- [What you need to do] Print the lines below from the line with "Item preview, Watercolor" to the line with "Christian Louboutin Women's" exactly, keeping both ends, and print no pictures.

- [Material shown]
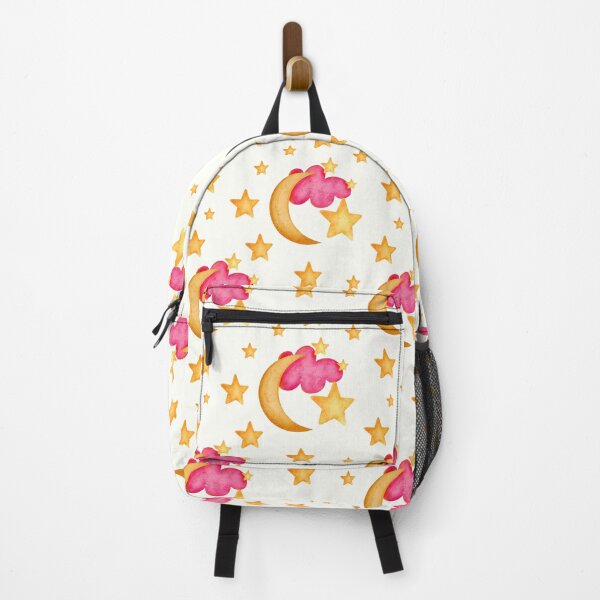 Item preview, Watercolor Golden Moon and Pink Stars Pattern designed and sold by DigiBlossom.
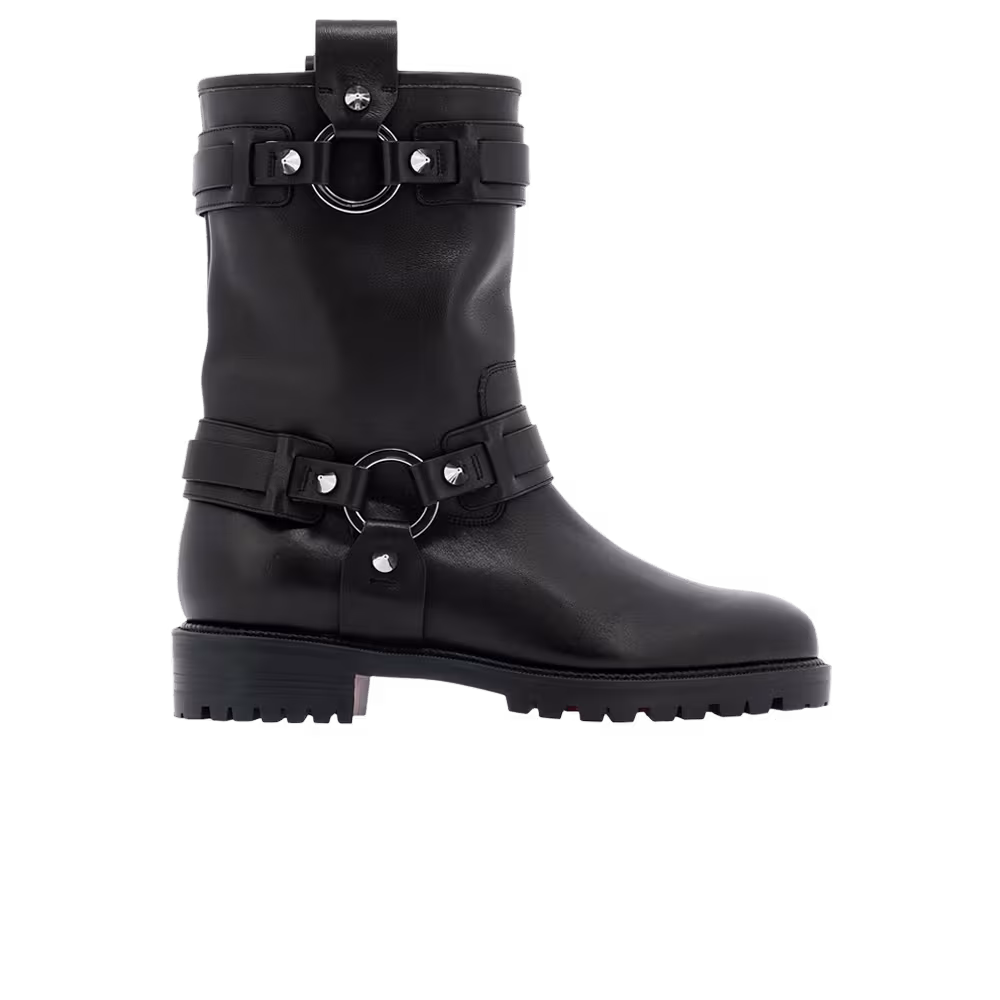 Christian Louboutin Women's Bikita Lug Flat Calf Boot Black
---
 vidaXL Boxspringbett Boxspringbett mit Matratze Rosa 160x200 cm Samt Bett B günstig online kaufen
...
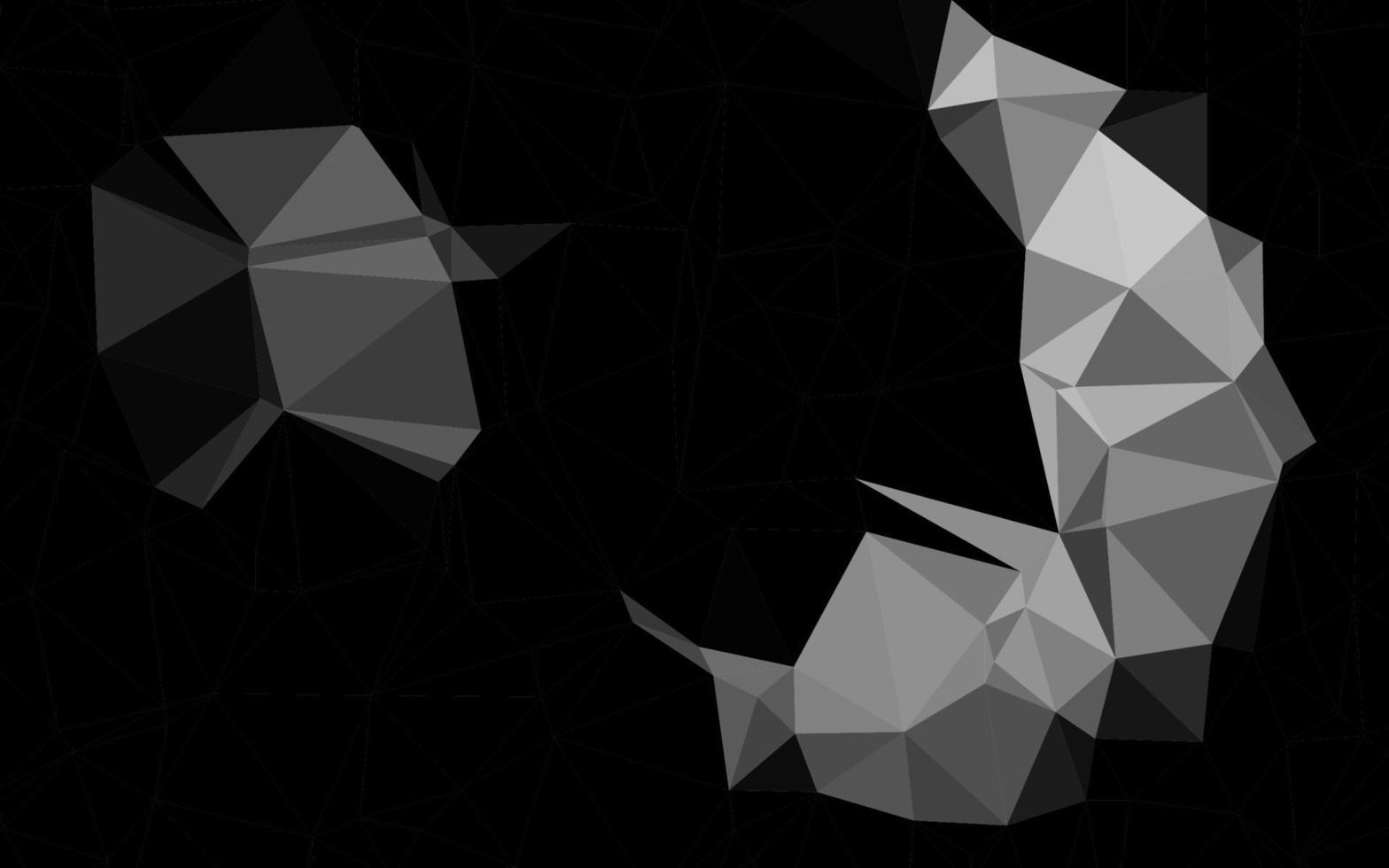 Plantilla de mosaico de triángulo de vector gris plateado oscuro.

- [Solution for this exercise]
 Item preview, Watercolor Golden Moon and Pink Stars Pattern designed and sold by DigiBlossom.
 Christian Louboutin Women's Bikita Lug Flat Calf Boot Black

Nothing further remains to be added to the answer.